Collaborative challenges

The play is the fruit of a second year of cooperation and exchange between Taiwan’s Shakespeare’s Wild Sisters Group and Japan’s Dai­nana­gekijo.

Established in 1995, SWSG is one of Taiwan’s senior theater companies, and Wang Chia-ming is known as the enfant terrible of Taiwan’s theater scene. Kou­hei Na­rumi had seen productions of Richard III and Zodiac that Wang had directed. “When you watch plays directed by Wang Chia-ming, you can tell that this director has a lot of crazy ideas,” he says, “but he is also adept at beauti­fully realizing his visions by harnessing the power of the entire company.”

Dainanagekijo was founded by Na­rumi in Japan’s Mie Prefecture. It combines the techniques and training of traditional Noh theater and Ka­buki with those of European dramatic arts, offering a new direction for Japanese theater. “Visually, Na­rumi’s works build on interesting literary or philosophical foundations,” says Wang.

“A sense of paranoia pervades the works of both,” notes the producer Yu­kio ­Nitta, “so their collaborations are sure be pretty strange.” At ­Nitta’s recommendation, the two theater groups launched a three-year plan for collaborations.
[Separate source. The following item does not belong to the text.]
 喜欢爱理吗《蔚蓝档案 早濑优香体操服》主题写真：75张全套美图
Beginning in 2016, the companies exchanged one person each, with Wang and Na­rumi separately ­leading contemporary stage adaptations of Notes from the Underground and Crime and Punishment. For 2017 the collaboration brought them to work together on Note Exchange Vol. 2: 1984. The production features a mix of Japanese and Chinese, which posed huge challenges for the actors. The two directors likewise cited language as the most difficult aspect of their work together.
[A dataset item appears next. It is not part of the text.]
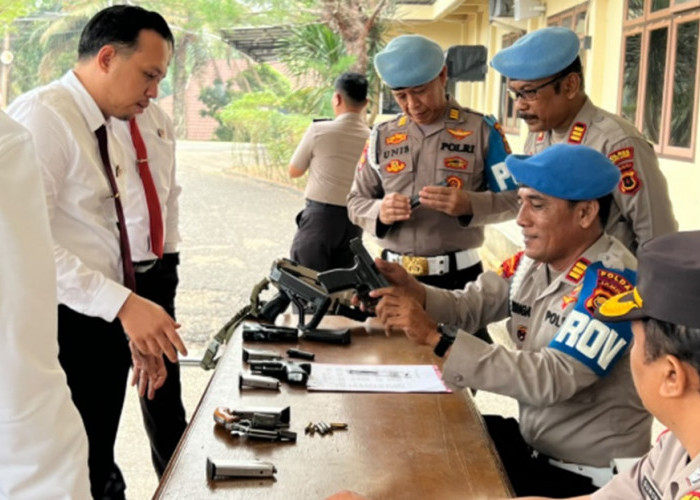 Propam Polda Jambi Mendadak Cek Personel Polres Muaro Jambi! HP, Senpi dan Urine Diperiksa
Cross-cultural collision and dialogue

“The language gap caused the biggest problems,” said Wang in a post-performance seminar. “That’s because language is more than just language: it also under­pins culture and dramatic timing. Yet I believe that these problems are actually a source of interest…. Since we couldn’t communicate through language, we were forced to focus more on examining what exactly communication is.”
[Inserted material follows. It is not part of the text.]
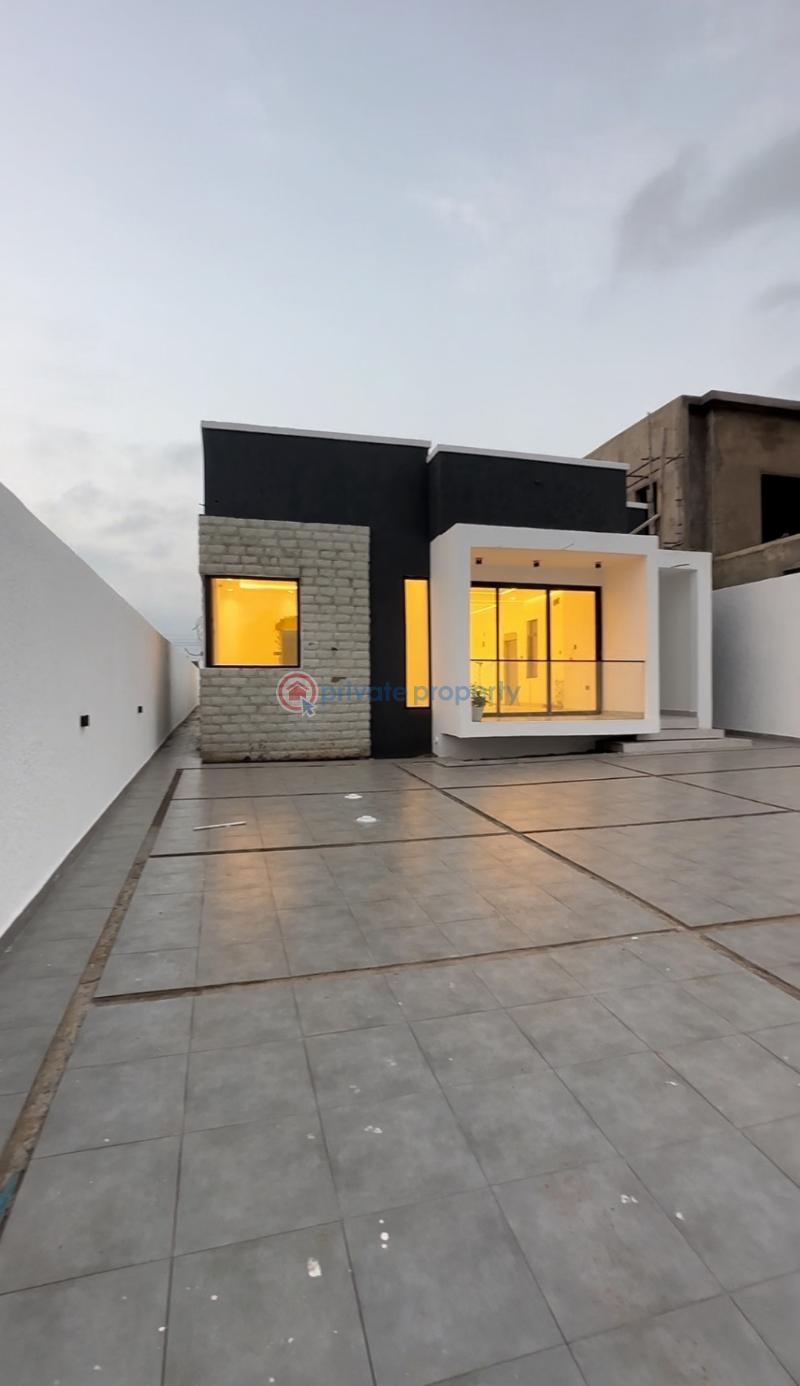 3 bedroom House For Sale Lakeside Estates. Adenta Municipal Accra - 0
“Taiwan’s actors are more emotionally explicit,” Na­rumi observes. “On the other hand, when Japanese actors process emotions, they may stir huge waves within, but they are more constrained in their expression. I feel that this is one big difference.” 

Consequently, when Wang Chia-ming writes scripts, he tries to arrange the actors in different combinations that highlight these disparities. “It creates different rhythms and chemistry…. There truly are differences…. The key thing is to make use of them.”

It has fostered more than just on-stage chemistry, notes Yu­kio ­Nitta, who also handled translation for the production: The early stages of rehearsals required a lot of translation for the two groups to understand each other. But by half way through the preparations, Nitta would only need to get through the first sentence of an explanation before Na­rumi would demonstrate with his expression that he understood without any need for further translation. The actors also shared a kind of tacit understanding communicated through their bodies, emotions and glances. This aspect of transnational cooperation is something that Nitta finds particularly interesting.

The exchange between the companies has entered its third year in 2018. Wang and Na­rumi plan on producing a stage adaptation of Café Lumière, Hou ­Hsiao-­hsien’s homage to the work of the iconic Japanese film director Ya­su­jiro Ozu.

Narumi emphasizes the need to think hard about how best to leverage the experience and mutual under­standing gained from the past two years of col­labora­tion to tackle the challenges of developing entirely new methods for the third year. Scratching his head at Na­rumi’s side, Wang blurts out, “Our biggest challenge right now is that we still don’t know what the heck we’re doing!” He then bursts into laughter.   

Hearing the two directors’ reflections made me recall something else Na­rumi had said to me: “­Theater is the best medium for revealing differences—which is to say that heterogeneity makes theater more inter­esting, because the medium absorbs differences to become more fun. That is the most fascinating aspect of col­labora­tions.” The comment only makes me more eagerly await the fruits of this third year of Taiwanese‡­Japanese collaboration, which is sure to produce a harvest ever weirder and more marvelous.